*TASK STATEMENT*. Please quote exactly the lines below from the line containing "Maskoten Lyllo går på röda mattan" to the line containing "Used 2013 Chevrolet Avalanche LTZ image 9", both lines included, and nothing else.

*EXTRACTED ENTRIES*.
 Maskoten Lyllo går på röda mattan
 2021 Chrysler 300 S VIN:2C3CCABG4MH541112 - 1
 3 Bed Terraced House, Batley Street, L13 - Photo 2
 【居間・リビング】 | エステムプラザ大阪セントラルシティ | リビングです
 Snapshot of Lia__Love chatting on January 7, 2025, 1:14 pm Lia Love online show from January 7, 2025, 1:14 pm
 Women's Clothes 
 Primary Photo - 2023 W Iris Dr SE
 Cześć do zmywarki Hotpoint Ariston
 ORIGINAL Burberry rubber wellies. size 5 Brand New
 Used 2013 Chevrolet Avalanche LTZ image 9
==
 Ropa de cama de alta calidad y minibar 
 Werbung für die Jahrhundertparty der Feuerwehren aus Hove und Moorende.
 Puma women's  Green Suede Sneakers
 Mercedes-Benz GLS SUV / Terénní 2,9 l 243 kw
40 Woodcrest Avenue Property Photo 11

*SOLUTION*.
 Maskoten Lyllo går på röda mattan
 2021 Chrysler 300 S VIN:2C3CCABG4MH541112 - 1
 3 Bed Terraced House, Batley Street, L13 - Photo 2
 【居間・リビング】 | エステムプラザ大阪セントラルシティ | リビングです
 Snapshot of Lia__Love chatting on January 7, 2025, 1:14 pm Lia Love online show from January 7, 2025, 1:14 pm
 Women's Clothes 
 Primary Photo - 2023 W Iris Dr SE
 Cześć do zmywarki Hotpoint Ariston
 ORIGINAL Burberry rubber wellies. size 5 Brand New
 Used 2013 Chevrolet Avalanche LTZ image 9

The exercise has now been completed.